Don't always rely on the IT staff for help with software issues. Educate yourself on the software programs you use. Microsoft offers on-line tutorials. And there is always the Help feature. It is a great tool for finding the answers you need.

Are you comfortable using the features on your telephone? When your boss wants you to set up a conference call or forward a message, can he or she rely on you to know what to do. Take the time to read and understand the telephone user's manual and keep it handy. Then when your boss urgently calls you in with a question you will be able to help.

Do you use the photocopier and fax machine at a basic level or have you learnt some of the advanced features? The mailroom staff are usually more than happy to help you if you want to learn more. If you are the mailroom staff as well as the assistant, call the company that sold the photocopier to your organization and ask if they offer training. A lot of the newer machines either have a "Help feature" built right into it or they show "error messages" to help you figure out where the problem is.
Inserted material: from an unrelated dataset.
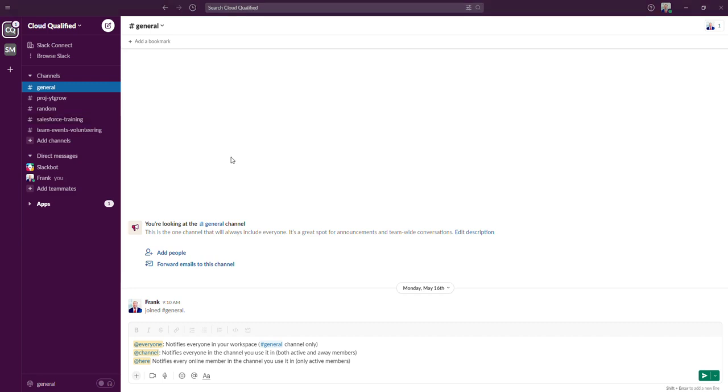And then finally we have the @here mention. This notifies every online member in any channel that you use the mention. So it's similar to the @channel mention, except it only applies to members that are online.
Sue Marsh, a team leader and busy assistant in a law firm agrees, "The bottom line is the more you know, the better you can assist your professional and the rest of your team and it makes your work easier to do".

Delegate

Becoming a Go-To Assistant, doesn't mean you have to know everything and do it all yourself, sometimes it is just taking the task and passing it on to someone who does. One of our greatest resources is our co-workers.

Pass it on

For those who have been on the job for many years, when someone new is hired on become a mentor. What a great way to help someone new learn the ropes. And who knows they may teach you something as well.

As an assistant you are an important part of the team and your skills are needed to effectively complete a project or job. Become the Go-To Assistant in your office.

1 comment:

Richard Rinyai said...

This basically describes me. My staff members sometimes call me "The Hub", since I am the go-to person for almost anything.

But I've realized that you have to know your limits and have to say "no" at times. You can always negotiate tasks, to see if you can push back others and take on the new one or do the new task at a later time.